The 22-year-old League mid laner was simply too good for Jojopyun and C9, racking up a 25-5 kill/death score in the 3-1 series victory. C9 drew first blood by taking the opening game, but FlyQuest bounced back and then never looked back as they ran over the 2024 LCS Summer Split runners-up. In the end, Quad managed an 81 percent kill participation, highlighted by an impressive nine-kill effort in game two on Smolder.
It took more than a single player stepping up for FlyQuest to get the job done though; top laner Bwipo recovered after a rough first game in what proved to be a purely Renekton vs. K’Sante battle against Thanatos, while jungler Inspired scored a crucial Baron steal late in game three to turn the tide for the boys in green.

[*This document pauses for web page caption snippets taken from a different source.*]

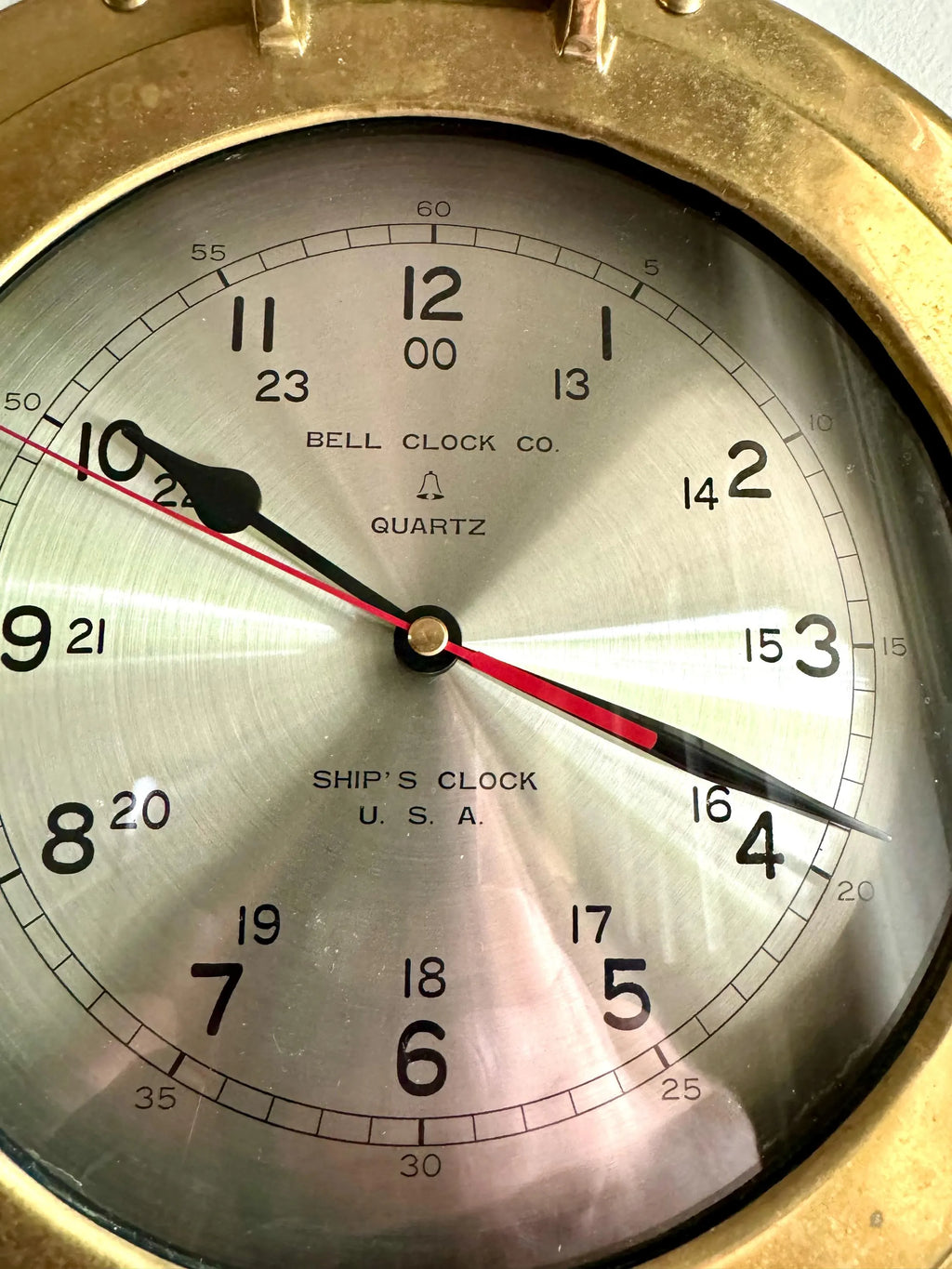 Vtg Bell Clock Co. Ship's Clock | Quartz Nautical Port Hole Hanging Clock | Brass Ship's Port Hole Clock | Brass Nautical Ship's Clock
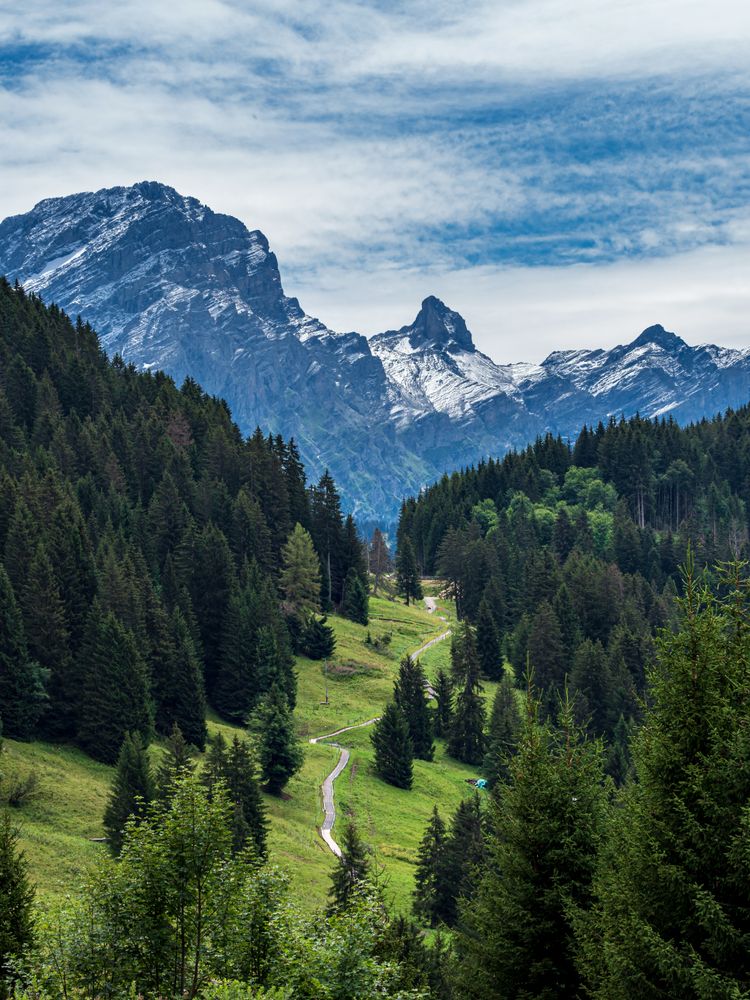 Summer travel to the Swiss Alps. Sun, warm beautiful weather, relaxation and travel.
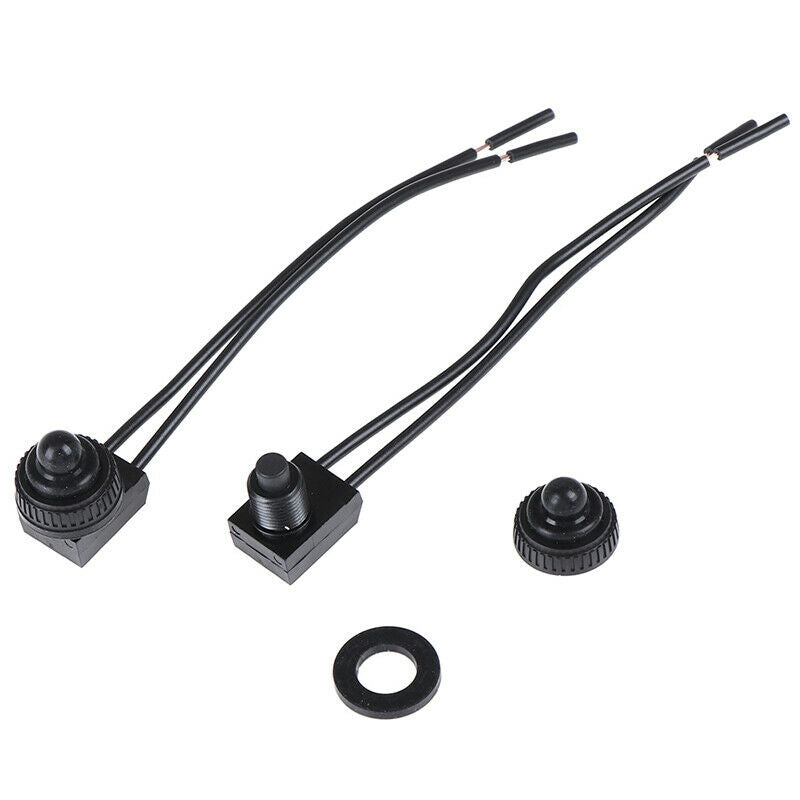 2PCS 12V Waterproof Push Button On-Off Switch With 4" Lead Wire Black MEA.l8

“I knew we were going to win if we played like we have in practice,” Inspired said in his post-game LCS interview on-stage, adding that his League squad had finally gotten on the same page and had been working on squashing as many mistakes from their game as possible. “The team is finally doing only coordinated plays, in this game and the whole series we never took a fight when we didn’t need to.”
It’s the second time FlyQuest will raise its banner at League‘s pinnacle tournament, with its first appearance coming way back in 2020 with the likes of Santorin, PowerOfEvil, and WildTurtle flying the flag. A 3-3 record in the round-robin stage that time wasn’t enough to see the NA squad through the round-robin stage that year.
FlyQuest hasn’t missed a beat this season after adding Quad in place of veteran Jensen; while they could not keep pace with the top two and repeat their Spring performance in Summer, they remain on track for back-to-back grand finals. That said, regardless of how the LCS bracket runs from here, they’ve already earned that crucial Worlds ticket.
For favorites C9, they’re not out of the running yet but can’t afford another slip-up in the lower bracket. The famed League organization has made it to 10 of the past 11 Worlds tournaments, just missing out in 2020, but they’ll need to first win against either 100 Thieves or Dignitas next Sunday or they’ll be absent once again.
FlyQuest, meanwhile, takes on Team Liquid in the upper bracket final on Saturday, Aug. 31 and even though their primary objective is complete, Inspired won’t be laying down without a fight. “There wasn’t much fighting going on [today against C9], the game was pretty controlled, and I think Liquid is very good at that as well so it’s not going to be as easy.”